(Task prompt) Beginning at the line that holds "1999 DeVille Sedan", copy the material below exactly through its last line.

(Working data)
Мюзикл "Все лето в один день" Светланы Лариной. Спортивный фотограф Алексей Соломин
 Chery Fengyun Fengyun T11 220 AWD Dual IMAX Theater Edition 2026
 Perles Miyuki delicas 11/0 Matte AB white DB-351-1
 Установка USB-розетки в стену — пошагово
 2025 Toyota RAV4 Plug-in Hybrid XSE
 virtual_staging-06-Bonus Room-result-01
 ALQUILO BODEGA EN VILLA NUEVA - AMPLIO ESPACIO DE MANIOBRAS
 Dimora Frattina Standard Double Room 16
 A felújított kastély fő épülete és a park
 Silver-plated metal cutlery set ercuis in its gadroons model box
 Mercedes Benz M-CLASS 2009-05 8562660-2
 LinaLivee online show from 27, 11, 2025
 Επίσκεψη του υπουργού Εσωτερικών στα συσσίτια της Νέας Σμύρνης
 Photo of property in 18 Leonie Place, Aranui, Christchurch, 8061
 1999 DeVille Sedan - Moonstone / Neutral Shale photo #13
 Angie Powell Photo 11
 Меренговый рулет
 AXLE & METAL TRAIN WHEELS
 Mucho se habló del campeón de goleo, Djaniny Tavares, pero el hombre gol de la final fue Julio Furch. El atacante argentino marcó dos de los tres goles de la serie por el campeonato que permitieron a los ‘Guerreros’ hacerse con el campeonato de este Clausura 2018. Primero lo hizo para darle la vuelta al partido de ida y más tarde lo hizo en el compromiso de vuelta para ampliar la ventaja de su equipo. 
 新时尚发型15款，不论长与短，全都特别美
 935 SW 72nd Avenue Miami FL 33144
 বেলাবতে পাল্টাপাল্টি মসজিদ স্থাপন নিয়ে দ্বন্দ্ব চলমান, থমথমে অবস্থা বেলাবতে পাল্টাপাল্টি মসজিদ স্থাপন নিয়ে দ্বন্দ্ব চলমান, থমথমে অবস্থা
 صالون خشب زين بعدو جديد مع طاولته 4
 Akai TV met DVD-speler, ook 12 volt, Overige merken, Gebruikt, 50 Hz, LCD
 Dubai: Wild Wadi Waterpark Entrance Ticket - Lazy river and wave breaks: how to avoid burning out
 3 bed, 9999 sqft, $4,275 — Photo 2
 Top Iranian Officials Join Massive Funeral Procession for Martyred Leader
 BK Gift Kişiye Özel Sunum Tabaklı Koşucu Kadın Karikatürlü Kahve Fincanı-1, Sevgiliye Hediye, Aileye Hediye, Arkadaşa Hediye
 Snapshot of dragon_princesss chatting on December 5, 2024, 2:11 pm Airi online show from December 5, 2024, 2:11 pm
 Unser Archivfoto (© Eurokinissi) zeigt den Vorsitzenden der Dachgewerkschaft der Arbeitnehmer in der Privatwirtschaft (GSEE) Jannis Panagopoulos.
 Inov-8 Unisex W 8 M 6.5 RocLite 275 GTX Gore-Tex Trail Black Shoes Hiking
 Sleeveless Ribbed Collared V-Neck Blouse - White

(Result below)
 1999 DeVille Sedan - Moonstone / Neutral Shale photo #13
 Angie Powell Photo 11
 Меренговый рулет
 AXLE & METAL TRAIN WHEELS
 Mucho se habló del campeón de goleo, Djaniny Tavares, pero el hombre gol de la final fue Julio Furch. El atacante argentino marcó dos de los tres goles de la serie por el campeonato que permitieron a los ‘Guerreros’ hacerse con el campeonato de este Clausura 2018. Primero lo hizo para darle la vuelta al partido de ida y más tarde lo hizo en el compromiso de vuelta para ampliar la ventaja de su equipo. 
 新时尚发型15款，不论长与短，全都特别美
 935 SW 72nd Avenue Miami FL 33144
 বেলাবতে পাল্টাপাল্টি মসজিদ স্থাপন নিয়ে দ্বন্দ্ব চলমান, থমথমে অবস্থা বেলাবতে পাল্টাপাল্টি মসজিদ স্থাপন নিয়ে দ্বন্দ্ব চলমান, থমথমে অবস্থা
 صالون خشب زين بعدو جديد مع طاولته 4
 Akai TV met DVD-speler, ook 12 volt, Overige merken, Gebruikt, 50 Hz, LCD
 Dubai: Wild Wadi Waterpark Entrance Ticket - Lazy river and wave breaks: how to avoid burning out
 3 bed, 9999 sqft, $4,275 — Photo 2
 Top Iranian Officials Join Massive Funeral Procession for Martyred Leader
 BK Gift Kişiye Özel Sunum Tabaklı Koşucu Kadın Karikatürlü Kahve Fincanı-1, Sevgiliye Hediye, Aileye Hediye, Arkadaşa Hediye
 Snapshot of dragon_princesss chatting on December 5, 2024, 2:11 pm Airi online show from December 5, 2024, 2:11 pm
 Unser Archivfoto (© Eurokinissi) zeigt den Vorsitzenden der Dachgewerkschaft der Arbeitnehmer in der Privatwirtschaft (GSEE) Jannis Panagopoulos.
 Inov-8 Unisex W 8 M 6.5 RocLite 275 GTX Gore-Tex Trail Black Shoes Hiking
 Sleeveless Ribbed Collared V-Neck Blouse - White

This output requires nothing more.